Task directions:
The entries below contain pictures, which are to be left out; write out exactly, and only, the lines from the line with "Tulup Glas-Bild -140x70- Wandkunst" up to and including the line with "Inga Crop Top – S".

Data for the task:
**********
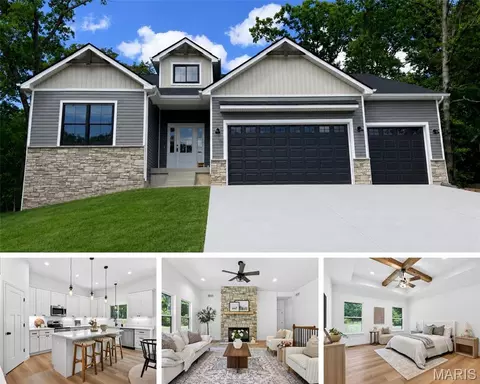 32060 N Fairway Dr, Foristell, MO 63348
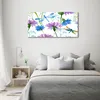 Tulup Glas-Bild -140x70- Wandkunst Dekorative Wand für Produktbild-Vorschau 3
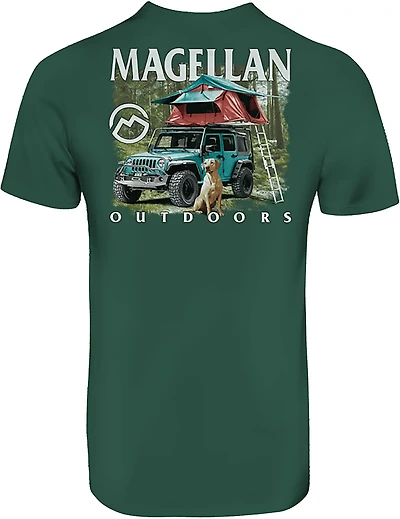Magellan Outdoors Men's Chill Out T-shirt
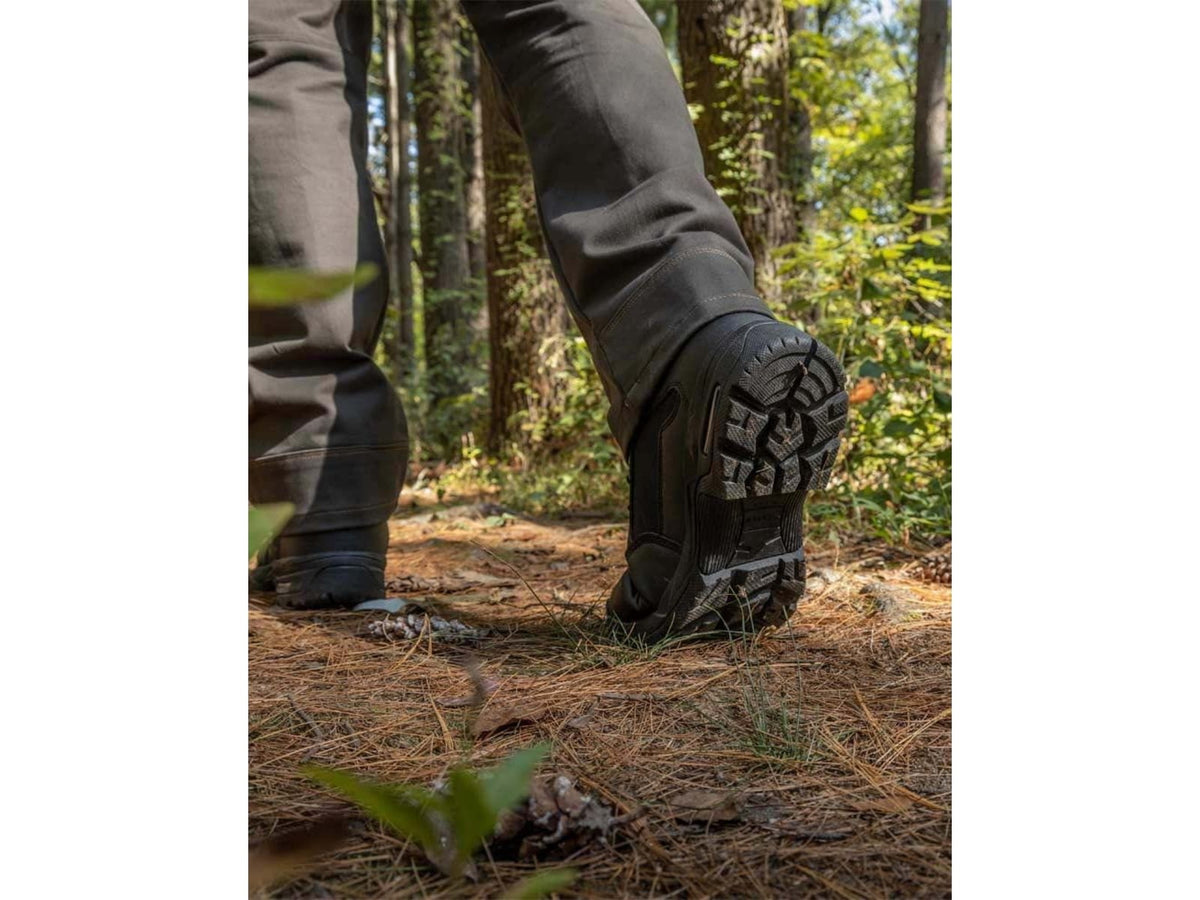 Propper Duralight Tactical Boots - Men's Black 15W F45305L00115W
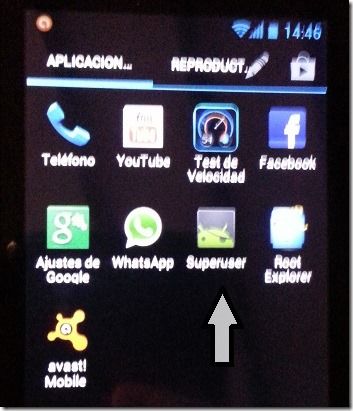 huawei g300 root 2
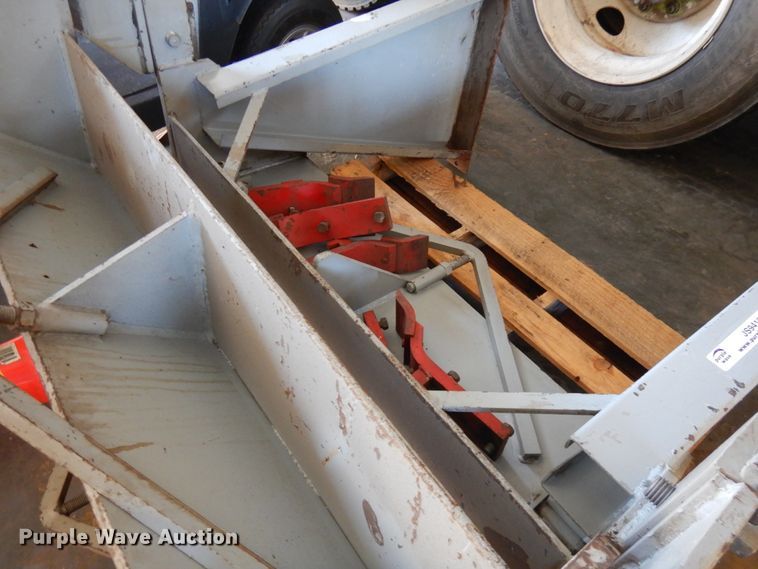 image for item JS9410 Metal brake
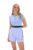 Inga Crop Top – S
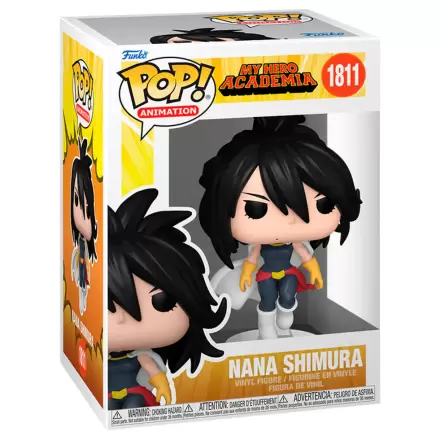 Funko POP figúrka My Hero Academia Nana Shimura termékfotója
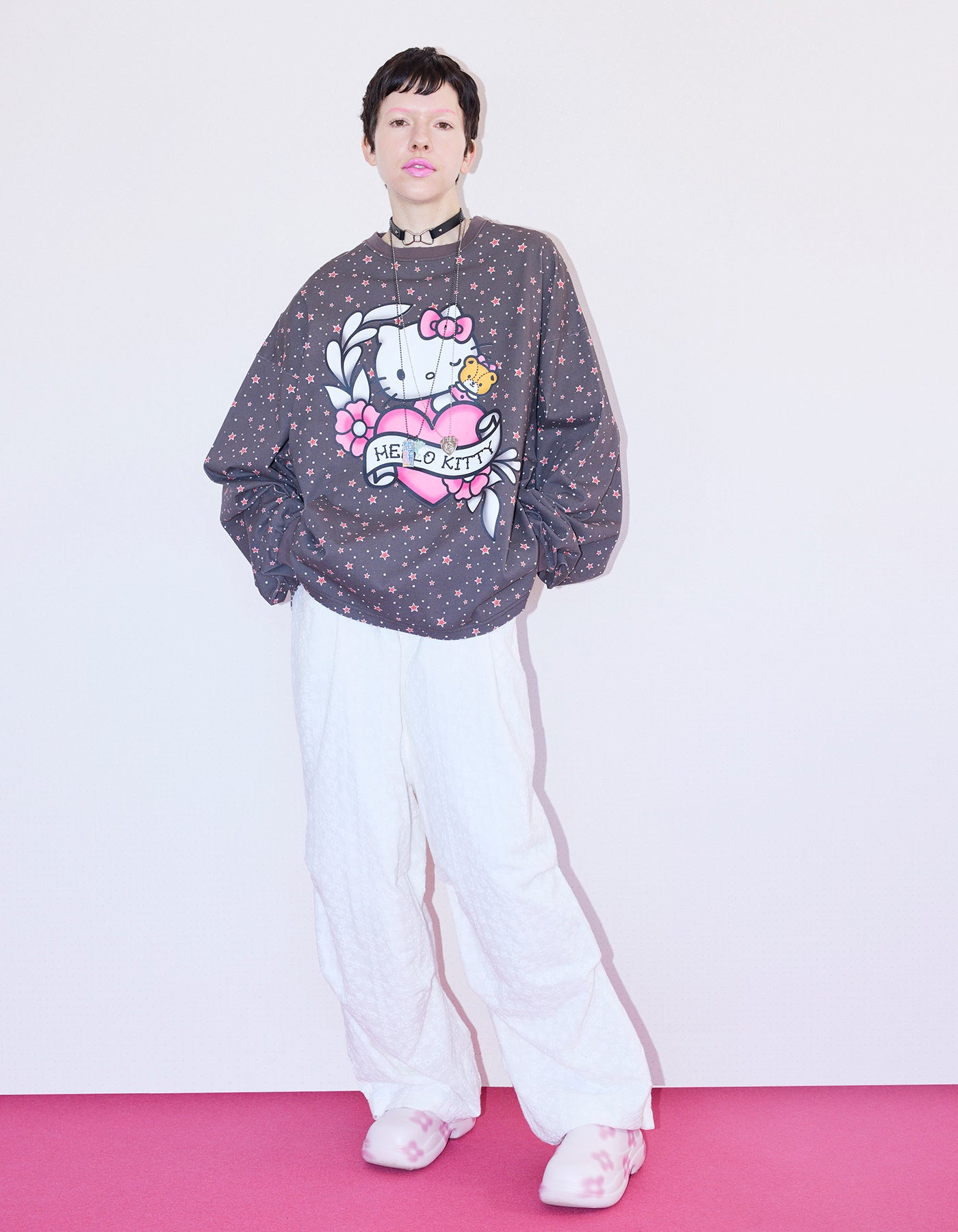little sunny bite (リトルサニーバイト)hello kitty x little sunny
**********
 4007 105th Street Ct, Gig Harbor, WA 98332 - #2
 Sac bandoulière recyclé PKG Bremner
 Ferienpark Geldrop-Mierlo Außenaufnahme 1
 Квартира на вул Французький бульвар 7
**********
Exercise response:
 Tulup Glas-Bild -140x70- Wandkunst Dekorative Wand für Produktbild-Vorschau 3
Magellan Outdoors Men's Chill Out T-shirt
 Propper Duralight Tactical Boots - Men's Black 15W F45305L00115W
 huawei g300 root 2
 image for item JS9410 Metal brake
 Inga Crop Top – S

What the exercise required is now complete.